C.    Perbedaan Para ulama dalam memberikan pengertian muhkamat dan mutasyabihat, yakni sebegai berikut:
a). Ulama golongan Ahlus sunnah Wal Jama’ah mengatakan, lafal muhkam adalah lafal ynag diketahui makna maksudnya,baik karena memang sudah jelas artinya maupun karena dita’wilkan. Sedangkan lafal mutasyabih adalah lafal yang pengetahuan artinya hanya dimonopoli Alloh SWT.Manusia tidak ada yang bisa mengetahuinya. Contoh terjadinya hari kiamat, keluarnya Dajjal, arti huruf-huruf Muqaththa’ah.
b). Ulama’ golongan Hanafiyah mengatakana, lafal muhkam ialah lafal yang jelas petunjuknya, dan tidak mungkin telah dinasakh ( dihapuskan hukumnya ). Sedang lafal mutasyabih adalah lafal yang sama maksud petunjuknya, sehingga tidak terjangkau oleh akal pikiran manusia atau pun tidak tercantum dalam dalil-dalil nash (teks dalil-dalil). Sebab lafal mutasyabih itu termasuk hal-hal yang diketahui Alloh SWT saja artinya.Contohnya seperti hal-hal yang ghaib.
c). Mayoritas Ulama’ golongan ahlul fiqh yang berasal dari pendapat sahabat Ibnu Abbas mengatakan, lafal muhkam ialah lafal yang tidak bisa dita’wilkan kecuali satu arah / segi saja. Sedangkan lafal mutasyabih adalah artinya dapat dita’wilkan dalam beberapa arah / segi, karena masih sama. Misalnya, seperti masalah sorga, neraka, dan sebagainya.

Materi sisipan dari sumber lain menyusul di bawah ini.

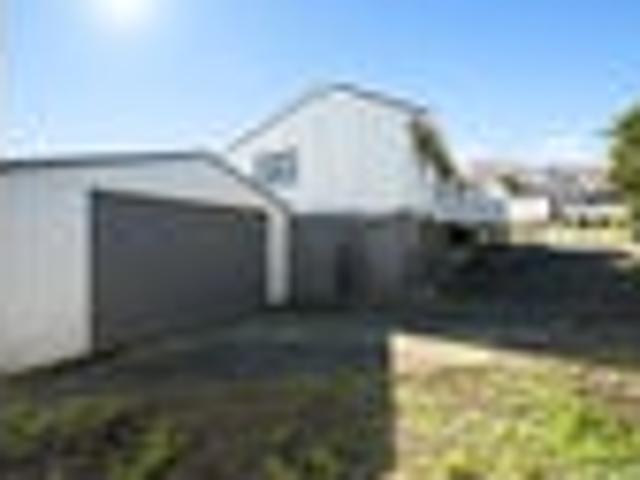 #GAMEDAY 856sqm  DOUBLE GARAGES, MUST SELL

d). Imam Ibnu Hanbal dan pengikut-pengikutnya mengatakan, lafal muhkam adalah lafal yang bisa berdiri sendiri atau telah jelas dengan sendirinya tanpa membutuhkan keterangan yang lain. Sedang lafal yang tidak bisa berdiri sendiri adalah lafal yang mutasyabih, yang membutuhkan penjelasan arti maksudnya, karena adanya bermacam- macam ta’wilan terhadap lafal tersebut. Contohnya seperti lafal bermakna ganda ( lafal musytarak ) lafal yang asing (ghorib), lafal yang berarti lain (lafal majaz), dan sebagainya.

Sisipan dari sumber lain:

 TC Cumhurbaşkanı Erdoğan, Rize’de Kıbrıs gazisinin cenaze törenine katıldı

e). Imamul Haramain, bahwa lafal muhkam ialah lafal yang tepat susunan, dan tertibnya secara biasa, sehingga mudah dipahami arti dan maksudnya. Sedangkan lafal mutasyabih ialah lafal yang makna maksudnya tidak terjangkau oleh ilmu bahasa manusia, kecuali jika disertai dengan adanya tanda-tanda / isyarat yang menjelaskannya. Contoh seperti lafal yang musytarak, mutlak, khafi (samar), dan sebagianya.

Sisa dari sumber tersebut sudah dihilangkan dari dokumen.